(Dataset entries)
▼

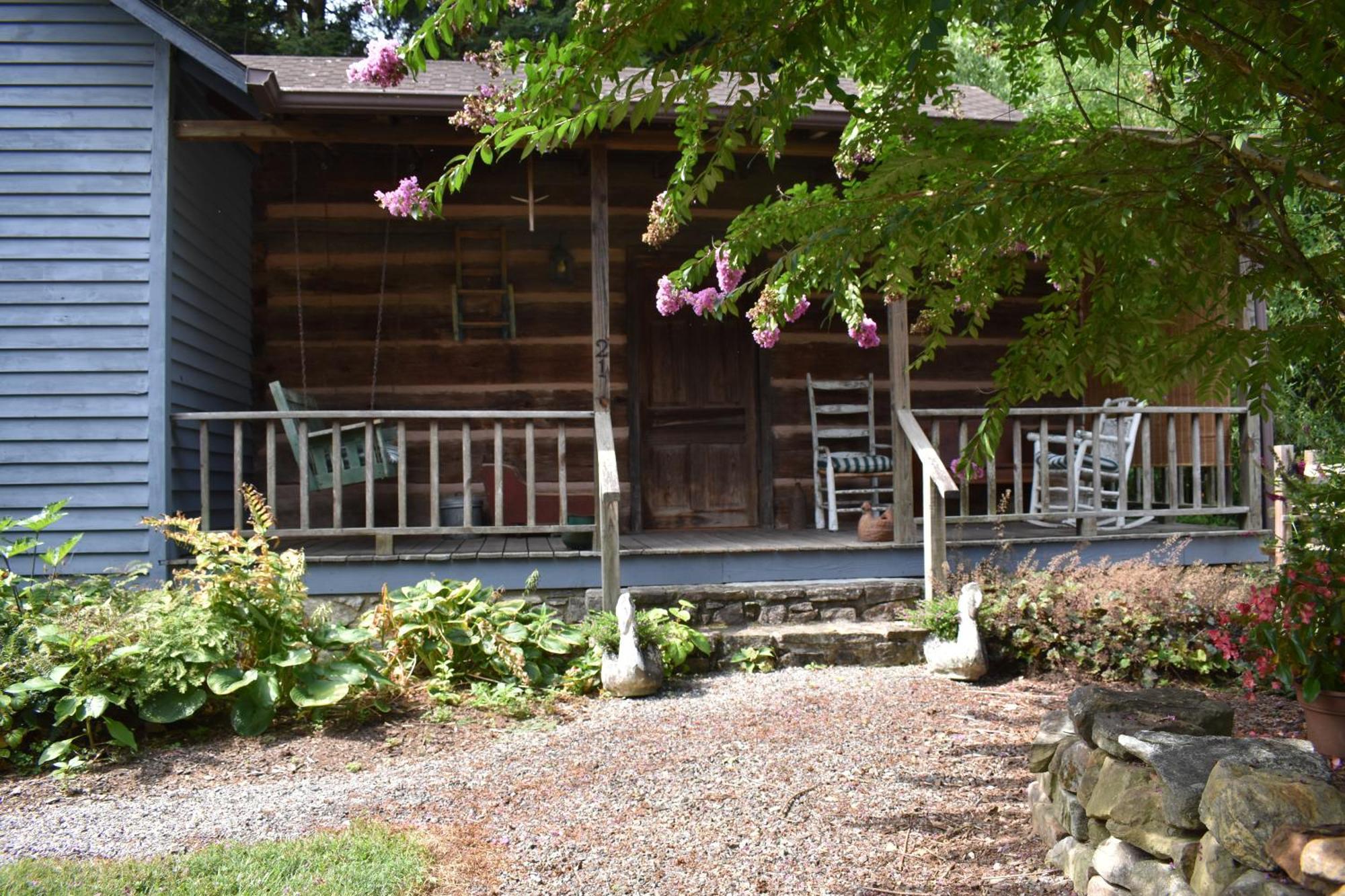 Restored1850S Log Cabin, With Gazebo And Gardens! 1 Mile To Downtown Weaverville Exterior foto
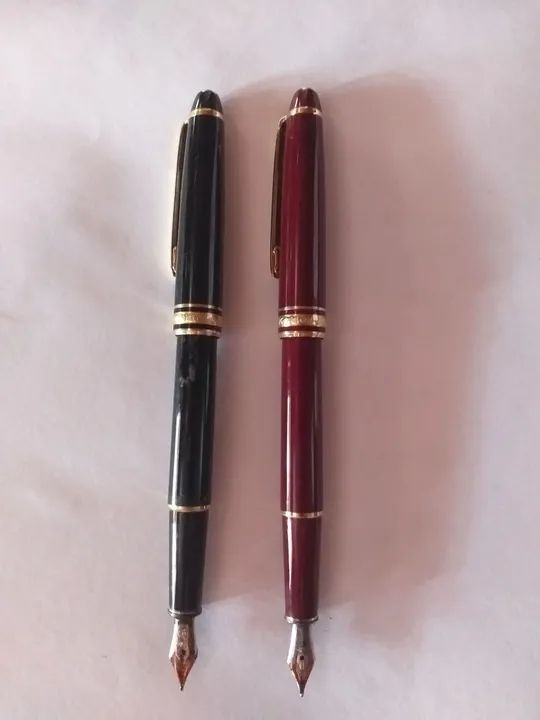   vendo duas belíssimas canetas modelo pena  originais Montblanc .  - Foto 2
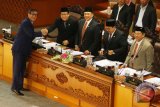 Menteri Hukum dan HAM Yasonna H Laoly (kiri) berjabat tangan dengan Wakil Ketua DPR Taufik Kurniawan (kedua kiri) disaksikan oleh Ketua DPR Bambang Soesatyo (ketiga kiri), Wakil Ketua DPR Fadli Zon (kedua kanan) dan Utut Adianto (kanan) seusai menyerahkan laporan saat rapat paripurna di Kompleks Parlemen, Senayan, Jakarta, Selasa (10/4/2018). Rapat paripurna ke-22 ini beragendakan pengambilan keputusan RUU terkait pengesahan persetujuan antara pemerintah kerajaan Thailand tentang kerjasama di bidang pertahanan. (ANTARA FOTO/Rivan Awal Lingga) 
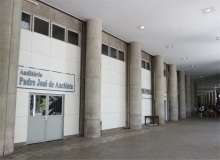 Entrada do Auditório Padre José de Anchieta, no térreo do Edifício Cardeal Leme. Fotógrafo Antônio Albuquerque. Acervo do Núcleo de Memória.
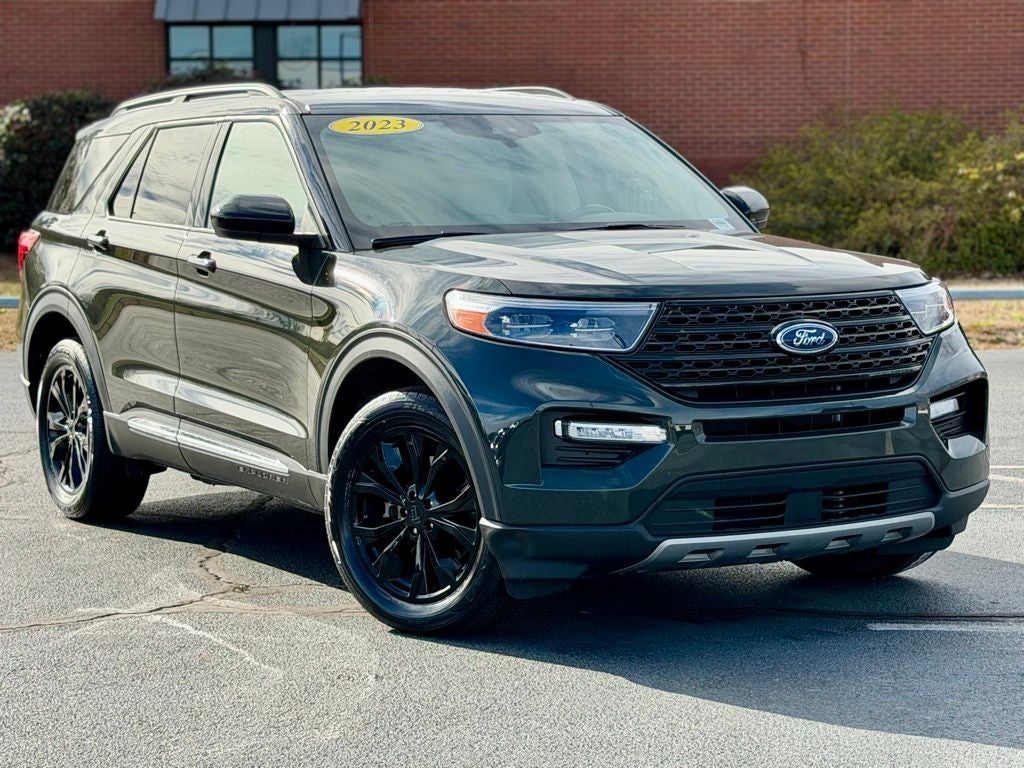 2023 Ford Explorer XLT CERTIFIED 2ND ROW BUCKETS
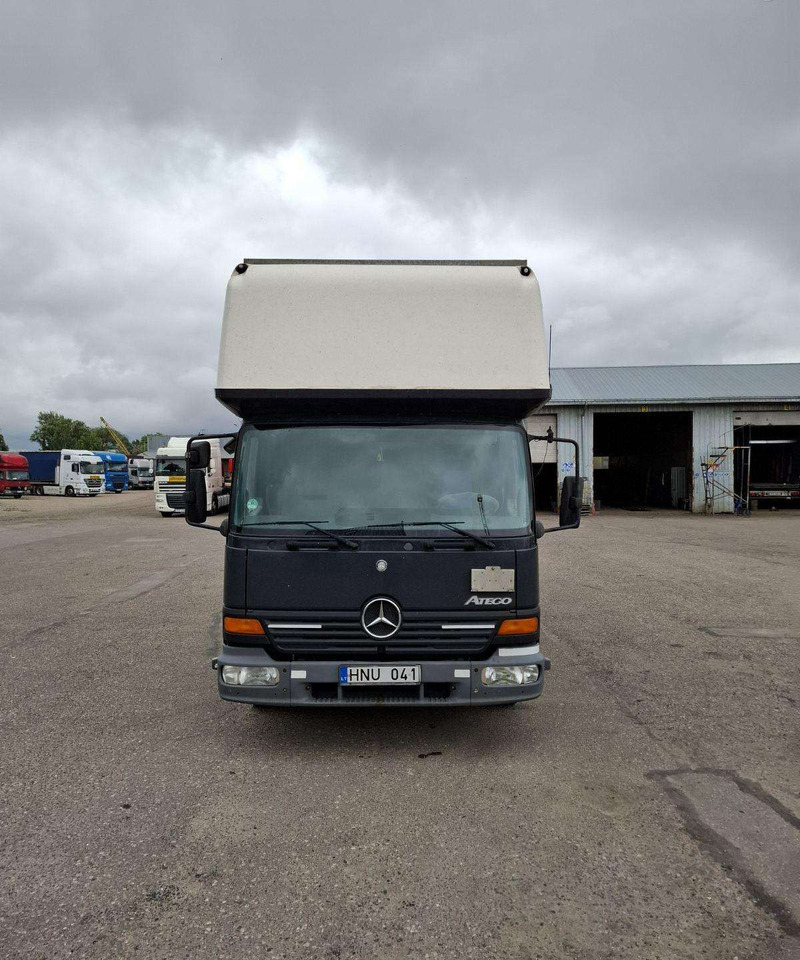 Mercedes-Benz Atego 818 - 커튼사이더 트럭 : 사진 3 Mercedes-Benz Atego 818 - 커튼사이더 트럭 : 사진 3
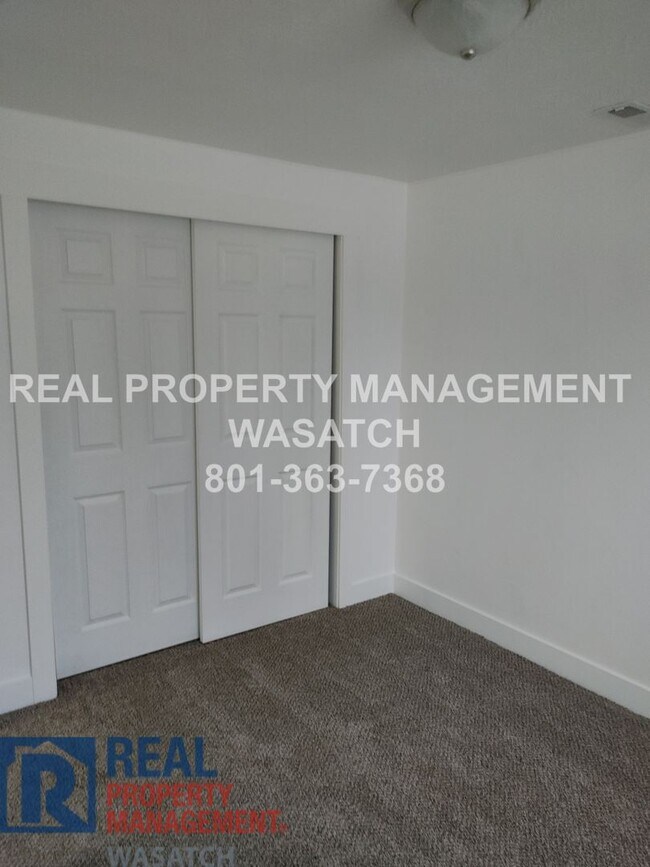 Building Photo - Take a Look at This 4 Bedroom 2 Bathroom H...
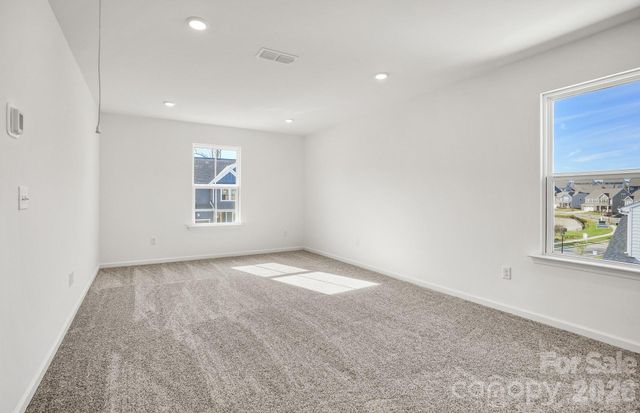 549 Cottage Garden Lane, Belmont, NC 28012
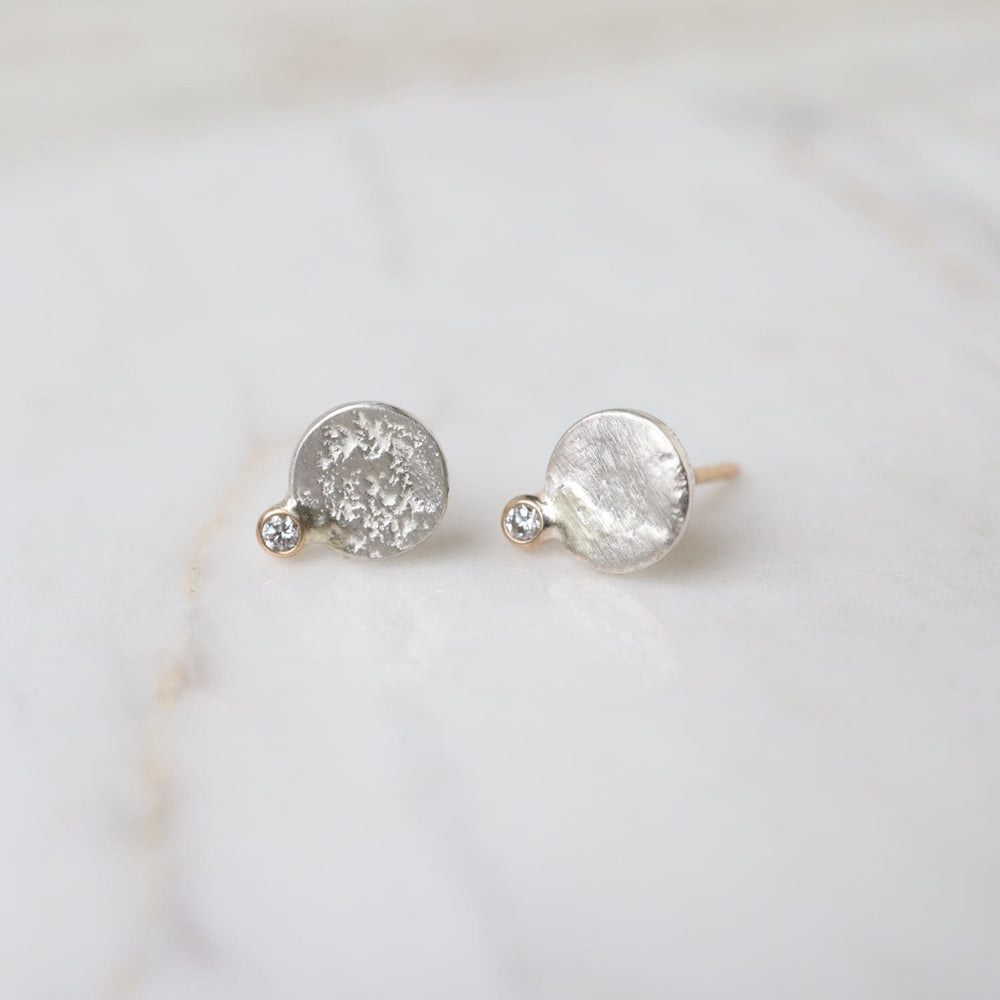 
                      
                        EAR-14K Dawn Studs - White Diamond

▲

> _EXERCISE INSTRUCTIONS_:
Only the lines from the one containing "Mercedes-Benz Atego 818 - 커튼사이더 트럭 : 사진 3 Mercedes-Benz" through the last line of the data belong in the copy, both included and reproduced exactly. Pictures do not.

> _SOLUTION TO THIS TASK_:
 Mercedes-Benz Atego 818 - 커튼사이더 트럭 : 사진 3 Mercedes-Benz Atego 818 - 커튼사이더 트럭 : 사진 3
 Building Photo - Take a Look at This 4 Bedroom 2 Bathroom H...
 549 Cottage Garden Lane, Belmont, NC 28012
                      
                        EAR-14K Dawn Studs - White Diamond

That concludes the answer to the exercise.